Open wulmer opened 6 years ago
Thanks a lot for digging into this and the detailed description! Can you please try if e32601c solves your problem? It adds a lock to synchronize the section that causes the problem so only one thread can access it at a time.
Thanks. I tried your version with the thread lock, however with no change. The process still crashes. I then tried different Python versions, went from 3.6.2, 3.6.1, 3.6.0 down to 3.5.1. At least the 3.5 version gave me a more helpful C stacktrace. Here is the stacktrace of the crash in 3.5.1 (no difference with or without the thread lock):
*** glibc detected *** python: free(): invalid pointer: 0x00002aab8a4316a0 ***
======= Backtrace: =========
/lib64/libc.so.6(+0x75dee)[0x2aab8afaadee]
/lib64/libc.so.6(+0x78c3d)[0x2aab8afadc3d]
/home/.../lib/python3.5/site-packages/tables/utilsextension.cpython-35m-x86_64-linux-gnu.so(inflateReset2+0x80)[0x2aab91608f50]
/home/.../lib/python3.5/site-packages/tables/../../.././libz.so.1(inflateInit2_+0xb1)[0x2aab922b3421]
/home/.../lib/python3.5/lib-dynload/zlib.cpython-35m-x86_64-linux-gnu.so(+0x42a1)[0x2aab964192a1]
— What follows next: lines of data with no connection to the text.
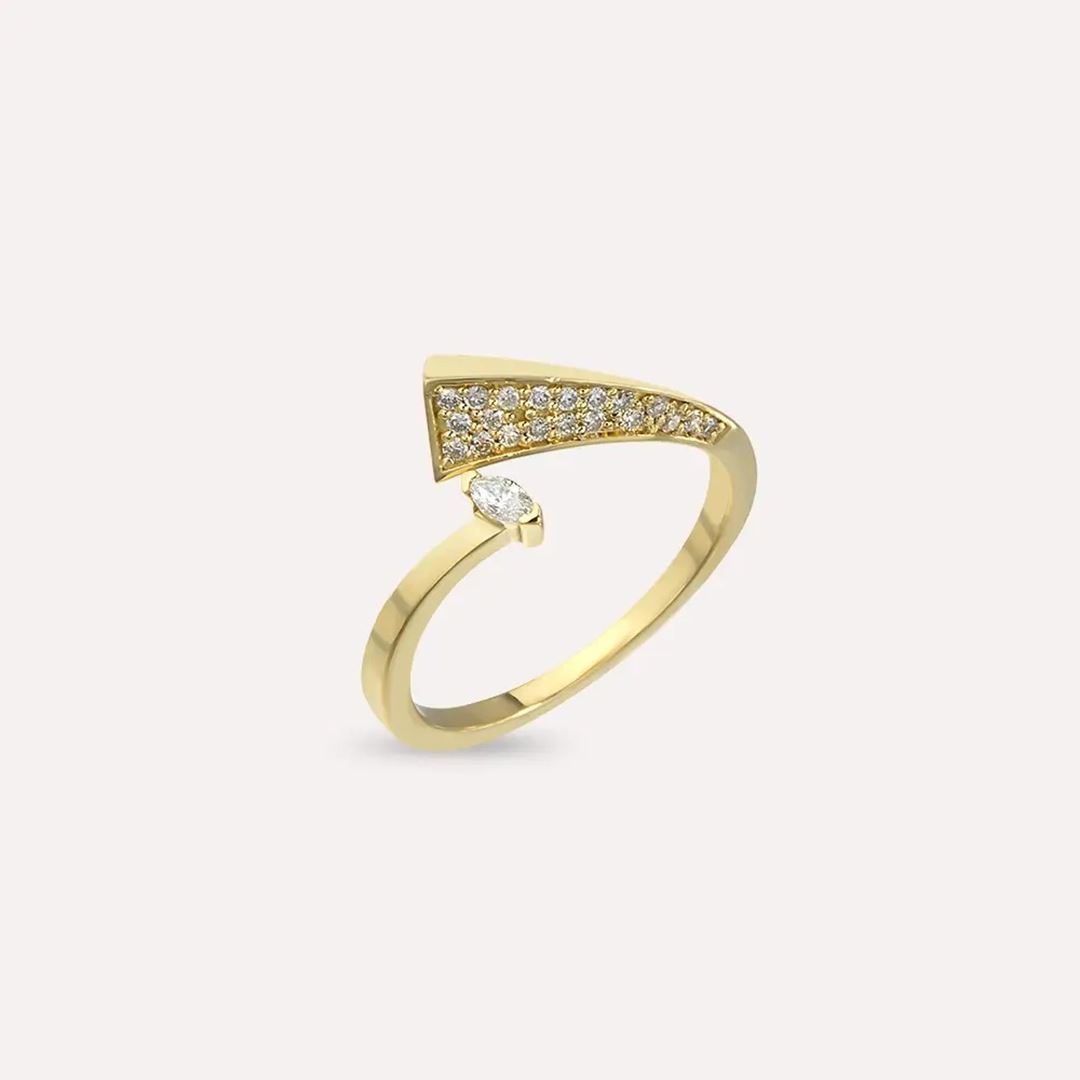Vena 0.21 CT Markiz Kesim Pırlanta Taşlı Sarı Altın Yüzük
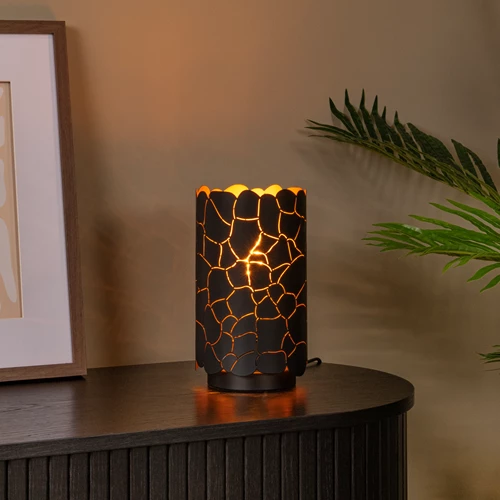 Lucide ALMELO - Tafellamp - Ø 15 cm - 1xE27 - Zwart - sfeer 1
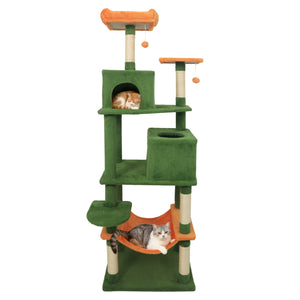 Multi-level Cat Tree Modern Cat Tower with Upholstered Perch and 2 Cat Condo-Green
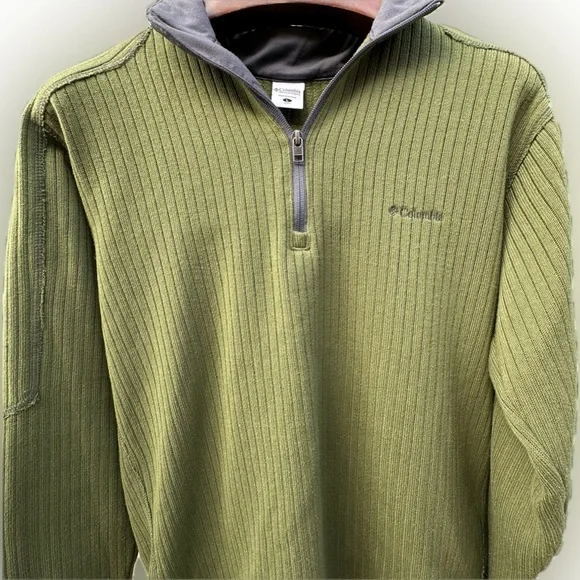 Columbia Olive 1/4 Zip Sweater Workwear Gorpcore Outdoor Hiking Long Sleeve - Picture 2 of 9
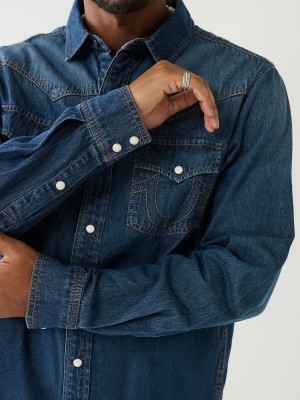 IQVM True Religion Single Needle Western Denim Shirts | 9160-QUZET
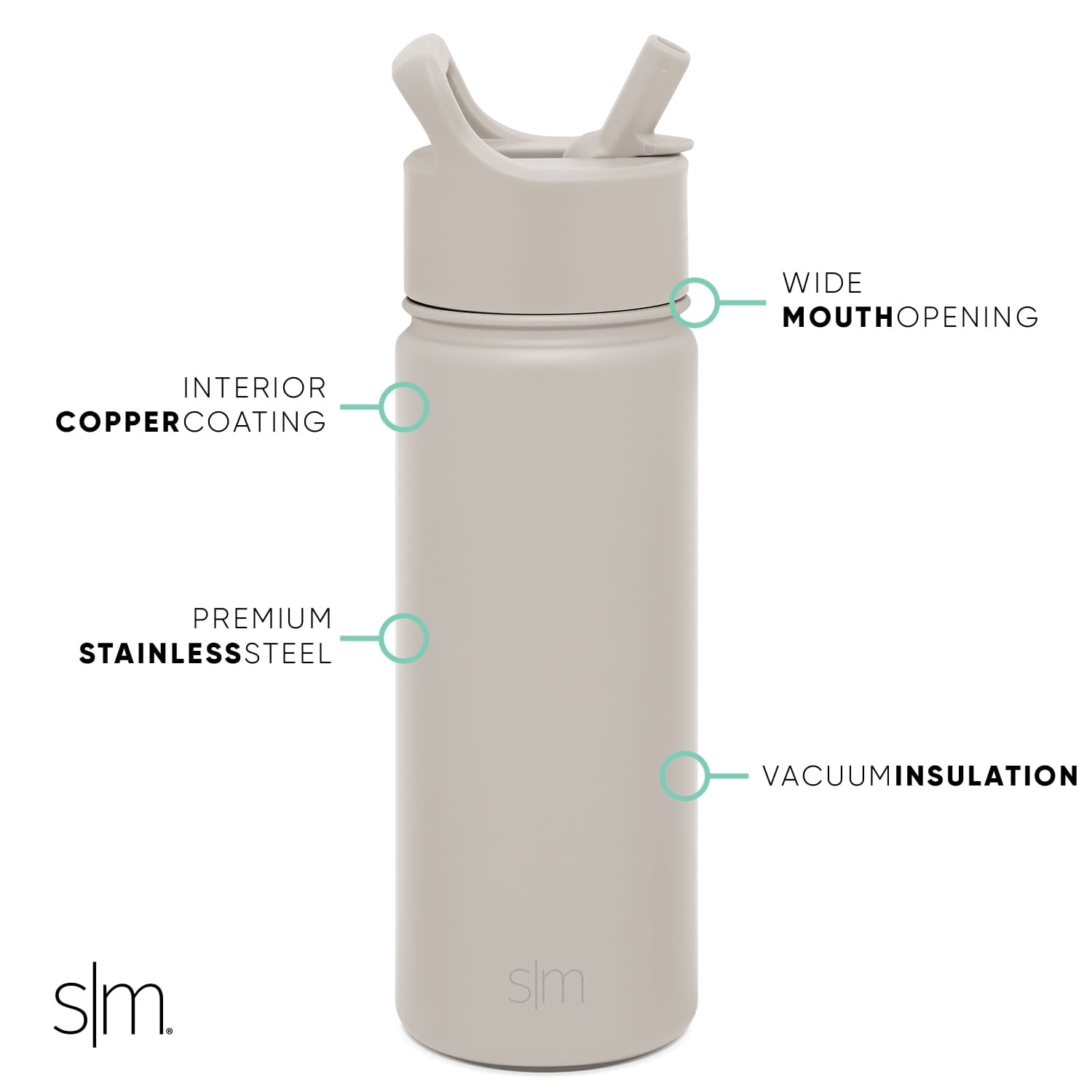 Simple Modern Summit Water Bottle Straw Lid Vacuum Insulated Stainless Steel Bottle | 18 fl oz M685A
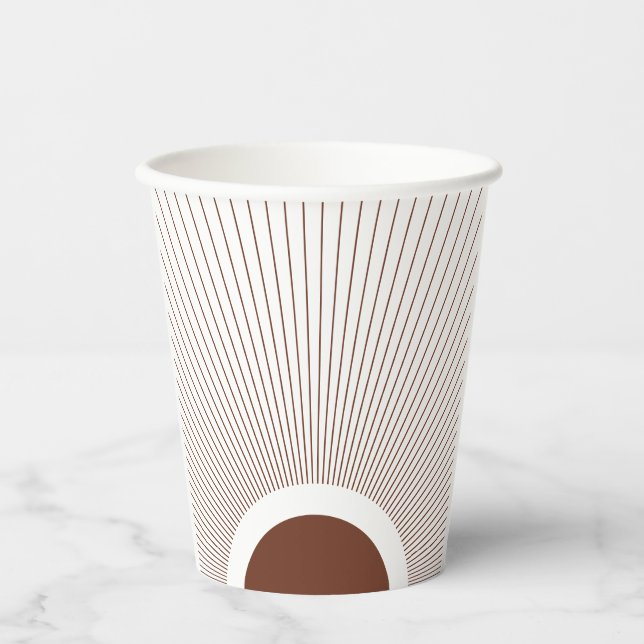 Vasos De Papel Boho Minimalist Sun (Anverso)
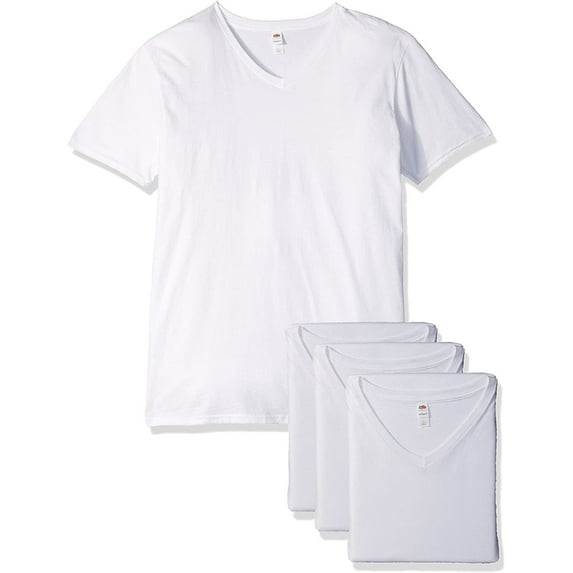 Fruit of the Loom Men's Assorted Colors V-Neck Short Sleeve Tee, White, 4 Pack, Small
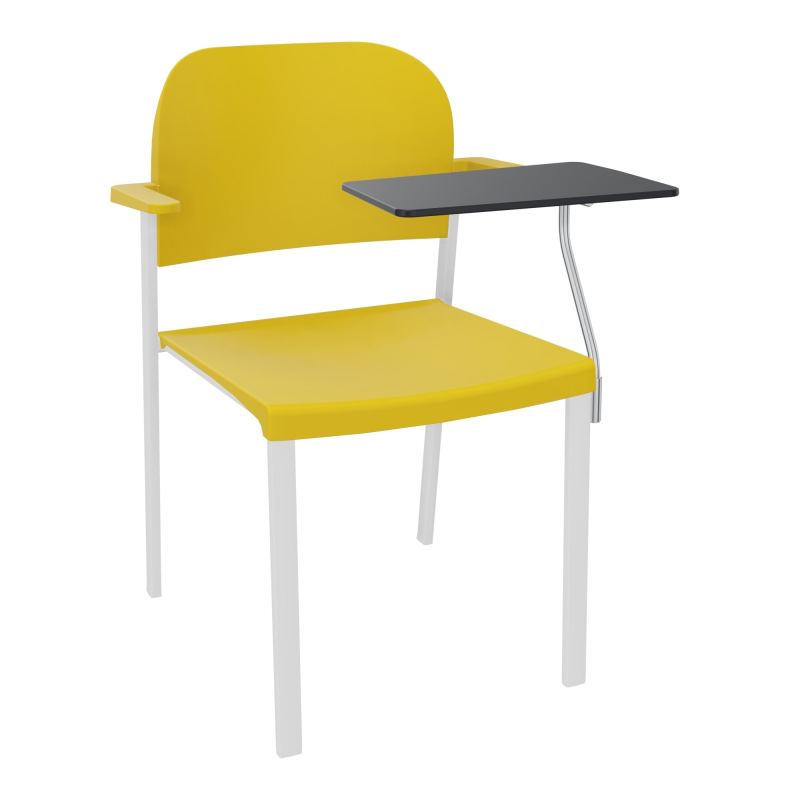 ROMY CHAISE 4P FIXES ASSISE/DOSSIER POLYPRO AVEC ACCOUDOIRS+TABLETTE NOIRE  A GAUCHE  PW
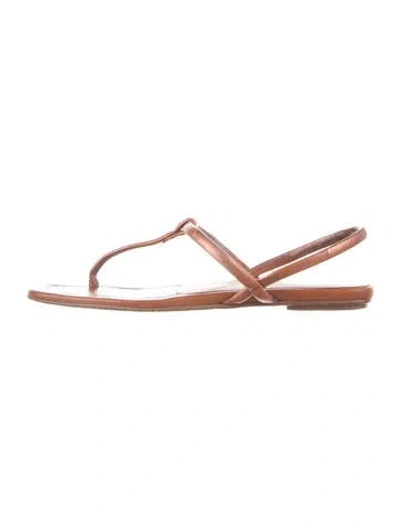 Pre-owned Pedro Garcia Leather T-strap Sandals In Brown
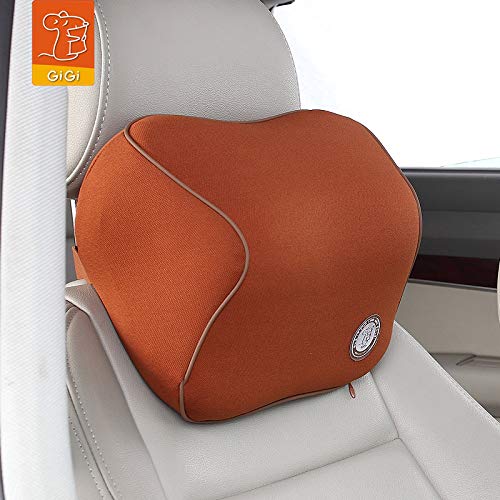 GiGi G-1107 Driving Comfortable and Soft NASA Memory Foam Car Neck Pillow|Full Surround car headrest of seat|Head Pillow|Rest Pillow|Protect Neck&Vertebra in Travel/Office/Home/car - brown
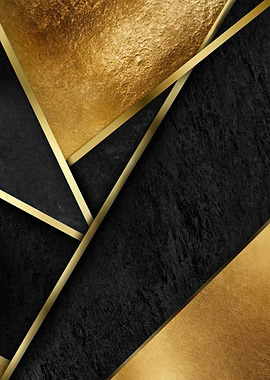 Abstract Gold and Black Geometric Design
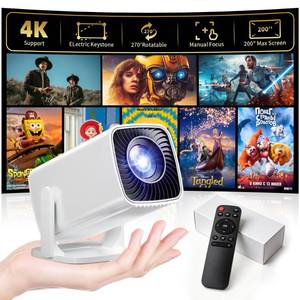 lot 3650 image: Mini Projector, Portable Projector 4K &amp Full HD 1080P Support, 270° Rotation Outdoor Projector, Movie Projector Compatible with Smartphone, TV Stick, Laptop, PS4, HDMI, USB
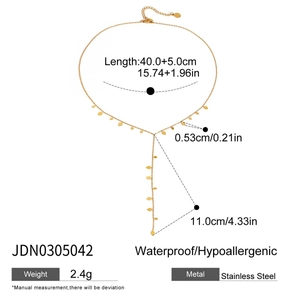 Detail of waterproof hypoallergenic stainless steel Y-shaped necklace with diamond charms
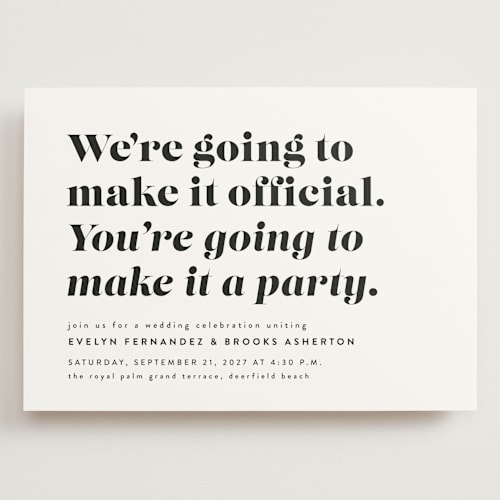 This is a panda wedding invitations with standard by Lea Delaveris called make it official printing on signature in grand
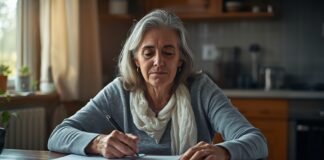 How Caregiving Changes Your Daily Routine A woman in her senior years writing in a notebook at home, embracing graceful aging.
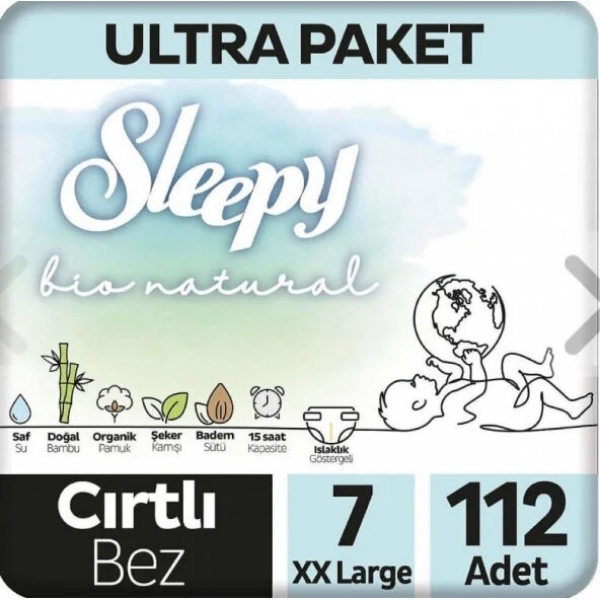 Sleepy Bio Natural 7 Beden 112 Adet Bebek Bezi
/home/.../lib/libpython3.5m.so.1.0(PyCFunction_Call+0x131)[0x2aab8a02e1e1]
...
I can now see the connection to the tables
package -- somehow the tables
package gets mixed up with the libz.so.1
library. I'll try to find out more on the tables
internals and how they affect the zipfile
behaviour.
Ok, the problem doesn't appear if I import zipfile
before tables
(at least not in my minimal example script). It seems the tables
package is preloading a few compression libraries and somehow this interferes with the use of the zipfile
module.
I tried to use this solution in our full project setup and tried to import zipfile
right at the beginning. However this somehow fails. I can't make fmpy
work with our library where we make use of tables
and a lot of other packages. I'll try to find another Linux machine where I can run the same tests. Let's see if the problem lies in the Linux system I am using.
While it absolutely makes sens to synchronize calls to zipfile
, is it possible that PyTables itself is not thread save?
Although it's not a direct solution for your problem you might want to try Dask to distribute the work (like in parameter_variation.py). It allows you to switch between multi-processesing, multi-threading and synchronized execution for debugging.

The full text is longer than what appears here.